Problem requirements »
Exactly the lines from the one with "Missing Character Example2" to the end of the listing must be repeated, both ends included, with nothing added.

Dataset entries »
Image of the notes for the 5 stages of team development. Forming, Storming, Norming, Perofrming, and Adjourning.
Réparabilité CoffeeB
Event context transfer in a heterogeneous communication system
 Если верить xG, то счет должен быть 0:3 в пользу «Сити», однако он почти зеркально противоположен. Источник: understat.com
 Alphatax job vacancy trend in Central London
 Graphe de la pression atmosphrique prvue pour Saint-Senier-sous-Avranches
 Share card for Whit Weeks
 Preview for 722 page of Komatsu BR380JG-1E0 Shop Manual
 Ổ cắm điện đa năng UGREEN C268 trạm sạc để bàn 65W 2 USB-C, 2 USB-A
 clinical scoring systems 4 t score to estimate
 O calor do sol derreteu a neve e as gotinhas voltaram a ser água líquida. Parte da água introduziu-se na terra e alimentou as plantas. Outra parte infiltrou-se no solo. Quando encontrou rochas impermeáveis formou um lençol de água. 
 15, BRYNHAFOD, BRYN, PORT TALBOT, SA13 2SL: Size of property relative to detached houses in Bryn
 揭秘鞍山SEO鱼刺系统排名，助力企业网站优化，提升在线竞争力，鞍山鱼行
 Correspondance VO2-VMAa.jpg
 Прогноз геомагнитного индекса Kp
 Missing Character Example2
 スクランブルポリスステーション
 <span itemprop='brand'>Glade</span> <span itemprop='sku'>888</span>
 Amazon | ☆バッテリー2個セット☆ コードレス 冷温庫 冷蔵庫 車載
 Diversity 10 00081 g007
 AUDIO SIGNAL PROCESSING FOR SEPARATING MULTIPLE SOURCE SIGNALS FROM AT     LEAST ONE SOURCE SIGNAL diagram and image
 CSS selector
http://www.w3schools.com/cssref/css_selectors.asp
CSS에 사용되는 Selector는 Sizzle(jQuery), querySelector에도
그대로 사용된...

The answer »
 Missing Character Example2
 スクランブルポリスステーション
 <span itemprop='brand'>Glade</span> <span itemprop='sku'>888</span>
 Amazon | ☆バッテリー2個セット☆ コードレス 冷温庫 冷蔵庫 車載
 Diversity 10 00081 g007
 AUDIO SIGNAL PROCESSING FOR SEPARATING MULTIPLE SOURCE SIGNALS FROM AT     LEAST ONE SOURCE SIGNAL diagram and image
 CSS selector
http://www.w3schools.com/cssref/css_selectors.asp
CSS에 사용되는 Selector는 Sizzle(jQuery), querySelector에도
그대로 사용된...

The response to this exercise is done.